おはようございます。民主党の前原でございます。このヘリテージ財団のシンポジウムで発言の機会を頂きましたことをまず心から御礼申し上げます。まず、先ほど司会の方から防衛庁長官経験者という説明がございましたが、私はまだ経験しておりません。今は民主党のシャドウキャビネットの防衛担当をしております。いずれは経験をしたいなと思っております。今日は民主党から松本剛明議員と一緒に来させていただきました。松本剛明議員はシャドウキャビネット防衛担当の副大臣でございまして、お父様は防衛庁長官を経験され、そして曾お祖父さんは初代総理大臣伊藤博文さんという素晴らしい家系の方であり、また能力的にも非常に素晴らしい方でございます。民主党からは今日は二人ここに来させて頂いております。

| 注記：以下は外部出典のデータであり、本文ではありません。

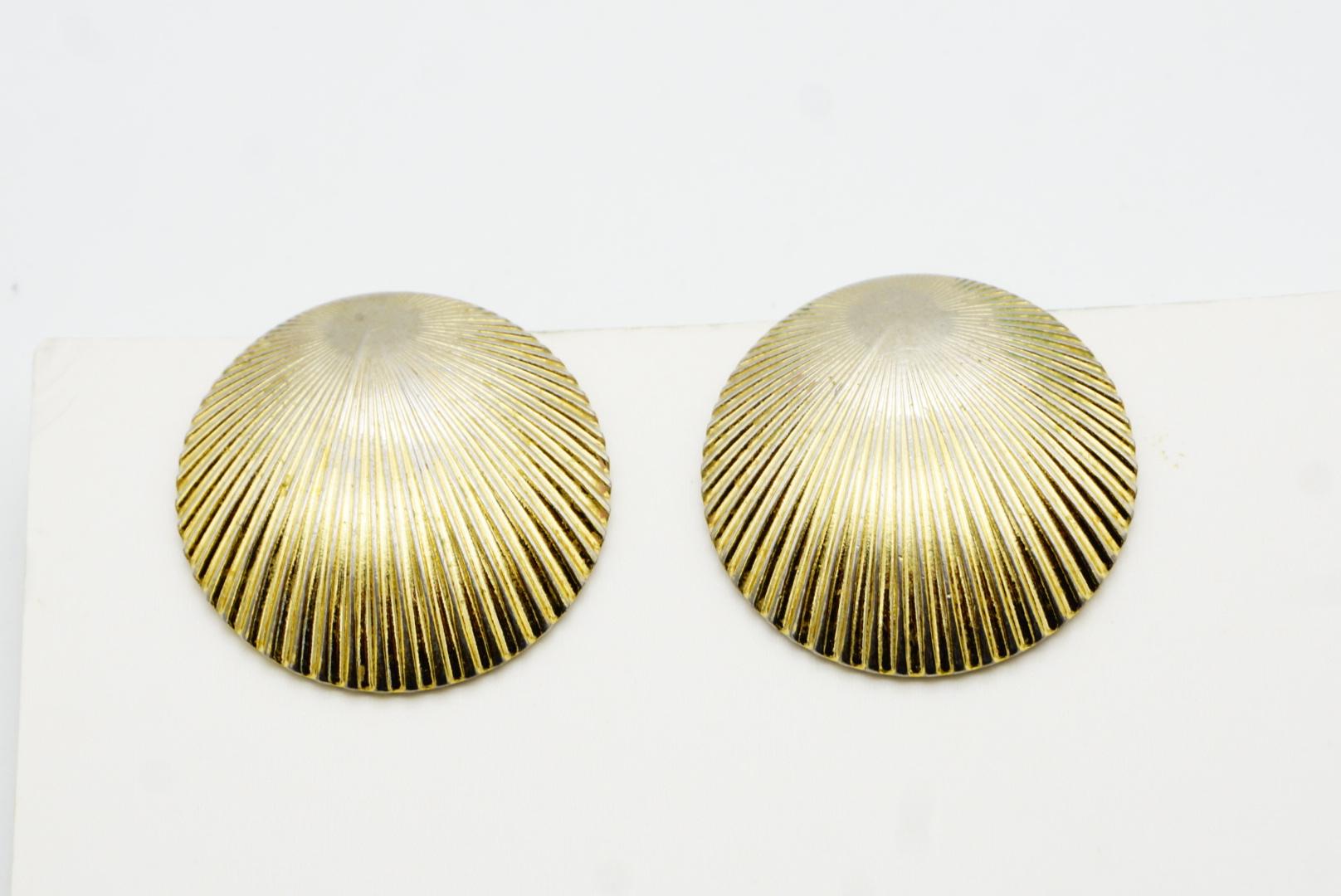 Christian Dior Vintage 1980s Circle Round Shell Modernist Gold Clip Earrings For Sale 4
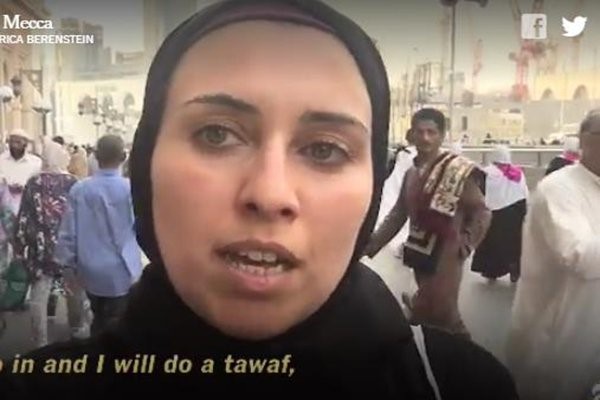 بالفيديو.. صحفية مسلمة تنقل للعالم عبر نيويورك تايمز أحداث الحج مباشرة من داخل مكة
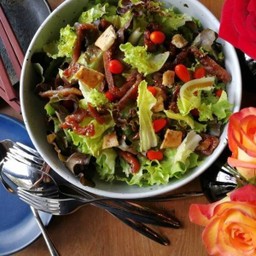 สลัดหมูหวาน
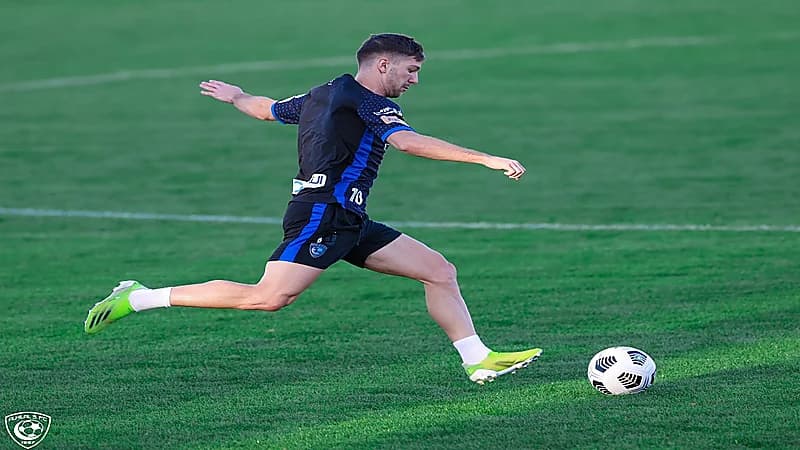 بالصور.. الهلال يؤدي مرانه الرئيسي استعدادا لمواجهة الاتفاق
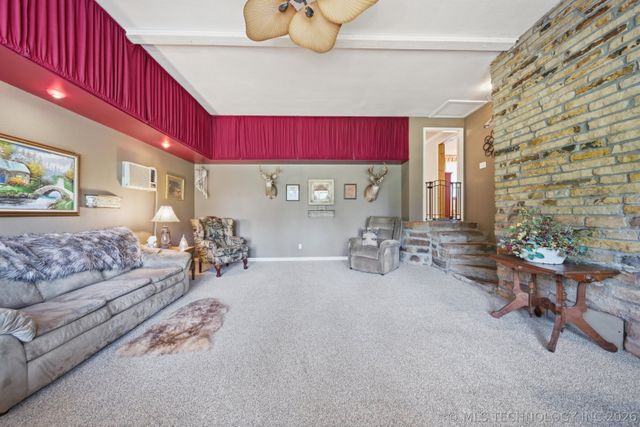 23590 N 3930 Road, Bartlesville, OK 74003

さて、今日与えられた議題が「新日米安全保障体制における日本の役割」ということでございますので、まずは民主党の日米安保体制に対するスタンスをお話し、次に日米安保体制の戦略的な環境変化、どう認識しているかということをお話し、最後にどういう役割を日本が果たすべきか、ということについてお話をさせて頂きたいと思います。

まず、民主党の日米安全保障条約に対するスタンスでございますが、我々は、同盟関係は大変必要なものであり、今後さらに進化させていかなければならないと考えております。ミサイル防衛にもわが党は賛成でございますし、またイラクの問題では若干の考え方の違いがございましたが、後でお話し致しますように、国際貢献活動というものを精力的に日本は行っていくべきという点では、考え方は今の政府の考え方とさほど大きな違いはございません。後ほどどのように変えていくべきか、ということの中で、若干わが党の考え方も踏まえてお話をさせて頂きたいと思います。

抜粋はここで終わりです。